In December 2011, the Company completed a rights issue of 5,900,850,966 ordinary shares of HK$0.01 each on the basis of five rights shares for every twelve shares held of the Company at a subscription price of HK$0.09 per rights share (the “ Rights Issue ”). The net proceeds from the Rights Issue was approximately HK$513,640,000, after deduction of share issue expenses of approximately HK$17,437,000.

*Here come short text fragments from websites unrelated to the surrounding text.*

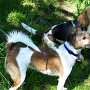 Parson_Jack_Russell_Terrier+Beagle1(10)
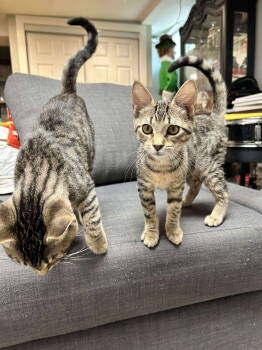 Rescue Domestic Short Hair Cats for Adoption in Winslow Township, New Jersey - Emerald | PetCurious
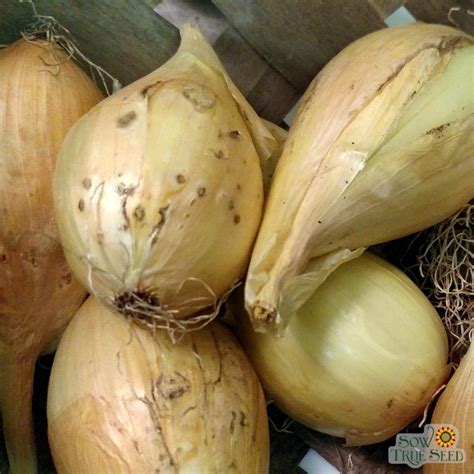 Onion Seeds Walla Walla Sweet Spanish Sow True Seed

Movements in the Company’s issued capital during the period are summarised as follows:

Number Share
of ordinary Issued premium
shares capital account Total
'000 HK$'000 HK$'000 HK$'000
At 1 August 2011 14,162,042 141,620 6,974,701 7,116,321
Rights Issue 5,900,851 59,009 472,068 531,077
Share issue expenses -
____
-
____
(17,437)
____
(17,437)
____
At 31 January 2012, 1 August 2012 and
31 January 2013 20,062,893
_
_
200,629
_
_
7,429,332
_
_
7,629,961
_
_

Pursuant to a special resolution passed at an extraordinary general meeting of the Company held on 24 July 2006, and the subsequent Order of the High Court of Hong Kong granted on 17 October 2006, the Company effected a capital reduction (the “ Capital Reduction ”) which took effect on 18 October 2006. The paid-up capital on each of its issued ordinary shares of HK$0.50 was cancelled to the extent of HK$0.49 per share, and the nominal value of all of the ordinary shares of the Company, both issued and unissued, was reduced from HK$0.50 per share to HK$0.01 per share. A total credit of HK$6,245,561,000 had arisen as a result of the Capital Reduction. An amount of HK$5,619,000,000 of the total credit was credited to the accumulated losses of the Company and the remaining amount of HK$626,561,000 was credited to the share premium account of the Company.

An undertaking in standard terms was given to the High Court by the Company in connection with the Capital Reduction. The undertaking is for the benefit of the Company’s creditors as at the effective date of the Capital Reduction. Pursuant to the undertaking, any receipts by the Company on or after 1 August 2005 in respect of the Company's:

  • (1) 50% investment in Fortune Sign Venture Inc. (“ Fortune Sign ”), up to an aggregate amount of HK$1,556,000,000;

  • (2) 10% investment in Bayshore Development Group Limited (“ Bayshore ”), up to an aggregate amount of HK$2,923,000,000; and/or

  • (3) 100% investment in Furama Hotel Enterprises Limited, up to an aggregate amount of HK$1,140,000,000

shall be credited to a special capital reserve in the accounting records of the Company. While any debt of or claim against the Company as at 18 October 2006 (the effective date of the Capital Reduction) remains outstanding, and the person entitled to the benefit thereof has not agreed otherwise, the special capital reserve shall not be treated as realised profits and (for so long as the Company remains a listed company) shall be treated as an undistributable reserve pursuant to Section 79C of the Hong Kong Companies Ordinance.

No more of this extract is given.